▸ Listed entries:
----

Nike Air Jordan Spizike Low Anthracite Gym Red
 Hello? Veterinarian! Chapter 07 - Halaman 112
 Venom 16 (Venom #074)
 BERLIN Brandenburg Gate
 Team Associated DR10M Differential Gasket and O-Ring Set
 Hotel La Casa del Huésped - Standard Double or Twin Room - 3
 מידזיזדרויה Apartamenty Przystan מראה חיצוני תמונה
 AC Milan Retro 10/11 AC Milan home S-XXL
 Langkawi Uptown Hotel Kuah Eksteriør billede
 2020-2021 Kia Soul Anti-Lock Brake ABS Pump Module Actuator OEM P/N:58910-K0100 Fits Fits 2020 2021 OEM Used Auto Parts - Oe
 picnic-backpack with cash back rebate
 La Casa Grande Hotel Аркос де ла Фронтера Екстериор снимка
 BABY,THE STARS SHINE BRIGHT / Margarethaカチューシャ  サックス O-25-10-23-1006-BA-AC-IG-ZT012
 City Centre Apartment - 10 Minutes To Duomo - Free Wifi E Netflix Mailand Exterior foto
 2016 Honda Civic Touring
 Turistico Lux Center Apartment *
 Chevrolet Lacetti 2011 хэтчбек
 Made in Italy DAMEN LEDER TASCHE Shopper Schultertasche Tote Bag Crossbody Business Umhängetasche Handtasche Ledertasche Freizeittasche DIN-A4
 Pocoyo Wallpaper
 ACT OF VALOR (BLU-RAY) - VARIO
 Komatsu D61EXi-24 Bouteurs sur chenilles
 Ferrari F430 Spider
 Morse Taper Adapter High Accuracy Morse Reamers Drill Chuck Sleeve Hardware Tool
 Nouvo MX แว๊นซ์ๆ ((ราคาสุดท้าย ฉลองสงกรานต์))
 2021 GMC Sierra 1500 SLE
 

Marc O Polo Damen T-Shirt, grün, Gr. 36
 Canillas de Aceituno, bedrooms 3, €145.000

----

▸ Problem to work on: Leaving no line out, return the data above verbatim.

▸ Exercise response:
Nike Air Jordan Spizike Low Anthracite Gym Red
 Hello? Veterinarian! Chapter 07 - Halaman 112
 Venom 16 (Venom #074)
 BERLIN Brandenburg Gate
 Team Associated DR10M Differential Gasket and O-Ring Set
 Hotel La Casa del Huésped - Standard Double or Twin Room - 3
 מידזיזדרויה Apartamenty Przystan מראה חיצוני תמונה
 AC Milan Retro 10/11 AC Milan home S-XXL
 Langkawi Uptown Hotel Kuah Eksteriør billede
 2020-2021 Kia Soul Anti-Lock Brake ABS Pump Module Actuator OEM P/N:58910-K0100 Fits Fits 2020 2021 OEM Used Auto Parts - Oe
 picnic-backpack with cash back rebate
 La Casa Grande Hotel Аркос де ла Фронтера Екстериор снимка
 BABY,THE STARS SHINE BRIGHT / Margarethaカチューシャ  サックス O-25-10-23-1006-BA-AC-IG-ZT012
 City Centre Apartment - 10 Minutes To Duomo - Free Wifi E Netflix Mailand Exterior foto
 2016 Honda Civic Touring
 Turistico Lux Center Apartment *
 Chevrolet Lacetti 2011 хэтчбек
 Made in Italy DAMEN LEDER TASCHE Shopper Schultertasche Tote Bag Crossbody Business Umhängetasche Handtasche Ledertasche Freizeittasche DIN-A4
 Pocoyo Wallpaper
 ACT OF VALOR (BLU-RAY) - VARIO
 Komatsu D61EXi-24 Bouteurs sur chenilles
 Ferrari F430 Spider
 Morse Taper Adapter High Accuracy Morse Reamers Drill Chuck Sleeve Hardware Tool
 Nouvo MX แว๊นซ์ๆ ((ราคาสุดท้าย ฉลองสงกรานต์))
 2021 GMC Sierra 1500 SLE
 

Marc O Polo Damen T-Shirt, grün, Gr. 36
 Canillas de Aceituno, bedrooms 3, €145.000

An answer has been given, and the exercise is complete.